In 1987 fellowship from Selenia SpA at the Computer Science Department of the University of Pisa for a research activity on the interpretation of radar signals.
Successively he was in the Giuseppe Attardi research team at
Delphi SpA where he participated in the development of DELPHI
Common Lisp featuring multithreads in the context of one of the
first implementations of the CLOS Meta Object Protocol, and a WAM
based support for unification.
In 1990 he was at the Department of Computer Science of the
University of Pisa.
In 1992 he was at the Human Cognition Research Laboratory of The
Open University (UK) participating in the VITAL ESPRIT II project
and developing the VITAL-KR language.
Since 1993 he is associated at the Department of Computer Science
of the University of Bologna, where he developed one of the first
operational and concurrent specifications of a speech act based ACL
(a subset of KQML) presenting symbol-level requirements for
agent-level programming.
Successively he developed an Algebra of Actors as a basic model
for concurrency and communication in ACL.

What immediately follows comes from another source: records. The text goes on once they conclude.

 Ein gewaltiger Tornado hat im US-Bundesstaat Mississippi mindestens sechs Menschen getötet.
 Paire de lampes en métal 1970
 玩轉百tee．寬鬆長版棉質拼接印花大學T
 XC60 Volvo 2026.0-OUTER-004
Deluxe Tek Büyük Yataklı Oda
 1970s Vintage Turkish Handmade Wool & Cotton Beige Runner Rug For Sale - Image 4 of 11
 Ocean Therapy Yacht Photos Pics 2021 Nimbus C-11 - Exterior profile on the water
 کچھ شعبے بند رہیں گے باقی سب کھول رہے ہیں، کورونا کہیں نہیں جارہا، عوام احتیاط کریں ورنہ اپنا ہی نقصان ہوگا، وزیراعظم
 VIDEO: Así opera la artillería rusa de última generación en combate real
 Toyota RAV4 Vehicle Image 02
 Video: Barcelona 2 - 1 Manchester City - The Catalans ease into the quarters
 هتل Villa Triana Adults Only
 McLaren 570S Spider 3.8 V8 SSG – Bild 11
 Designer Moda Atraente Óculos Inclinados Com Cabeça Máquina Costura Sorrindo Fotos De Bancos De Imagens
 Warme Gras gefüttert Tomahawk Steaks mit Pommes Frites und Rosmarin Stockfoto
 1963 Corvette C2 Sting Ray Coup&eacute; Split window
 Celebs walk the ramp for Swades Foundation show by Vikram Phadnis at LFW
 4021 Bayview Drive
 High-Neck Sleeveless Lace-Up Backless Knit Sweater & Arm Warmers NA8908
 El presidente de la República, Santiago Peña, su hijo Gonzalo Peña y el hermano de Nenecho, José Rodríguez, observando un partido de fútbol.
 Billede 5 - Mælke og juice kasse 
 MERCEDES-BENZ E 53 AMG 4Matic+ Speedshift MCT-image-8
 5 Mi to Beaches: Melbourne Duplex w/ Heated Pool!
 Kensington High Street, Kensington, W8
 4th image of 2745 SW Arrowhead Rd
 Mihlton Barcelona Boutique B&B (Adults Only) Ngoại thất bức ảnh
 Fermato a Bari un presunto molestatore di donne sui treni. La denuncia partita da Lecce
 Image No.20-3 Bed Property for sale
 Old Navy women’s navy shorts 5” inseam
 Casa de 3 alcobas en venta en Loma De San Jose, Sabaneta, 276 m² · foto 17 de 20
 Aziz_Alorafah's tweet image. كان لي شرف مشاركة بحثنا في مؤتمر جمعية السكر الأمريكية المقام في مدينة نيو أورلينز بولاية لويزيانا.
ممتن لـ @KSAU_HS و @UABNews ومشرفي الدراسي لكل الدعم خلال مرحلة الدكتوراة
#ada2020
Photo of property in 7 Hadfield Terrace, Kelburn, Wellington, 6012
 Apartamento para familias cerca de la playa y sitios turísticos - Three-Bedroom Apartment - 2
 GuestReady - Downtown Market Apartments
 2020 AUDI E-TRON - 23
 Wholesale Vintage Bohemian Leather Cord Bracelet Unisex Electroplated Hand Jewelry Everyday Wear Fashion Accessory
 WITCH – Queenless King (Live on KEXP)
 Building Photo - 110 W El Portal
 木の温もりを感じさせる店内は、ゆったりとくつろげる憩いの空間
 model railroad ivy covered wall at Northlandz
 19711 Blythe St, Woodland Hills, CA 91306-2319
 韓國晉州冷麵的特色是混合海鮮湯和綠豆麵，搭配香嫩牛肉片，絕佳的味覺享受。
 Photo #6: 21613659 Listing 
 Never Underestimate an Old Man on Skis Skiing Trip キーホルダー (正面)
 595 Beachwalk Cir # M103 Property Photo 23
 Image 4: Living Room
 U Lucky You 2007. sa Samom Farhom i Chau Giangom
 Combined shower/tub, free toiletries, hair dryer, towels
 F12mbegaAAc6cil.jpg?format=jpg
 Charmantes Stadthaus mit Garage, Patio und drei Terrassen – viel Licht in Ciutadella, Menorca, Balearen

In 1998 he was visiting the Knowledge Media Institute at The Open
University (UK) participating in the IST funded research project
IBROW3 and to the development of UPML which influenced the
modelling of web services in the semantic web effort.
Since 1999 Mauro Gaspari is the coordinator of the AEDSS Project
which aims to develop of an expert system for the evaluation of
EDSS in multiple sclerosis.
In 2002 he was visiting the Knowledge Media Institute at The Open
University (UK) where he designed and developed the communication
infrastructure of the IRS II (Internet Reasoning Service).
From 2006 to 2010 he was involved in the development of an expert
system for fund raising management.
Starting from 2014 he is involved in a project for the development of a intelligent system able to support cognitive rehabilitation.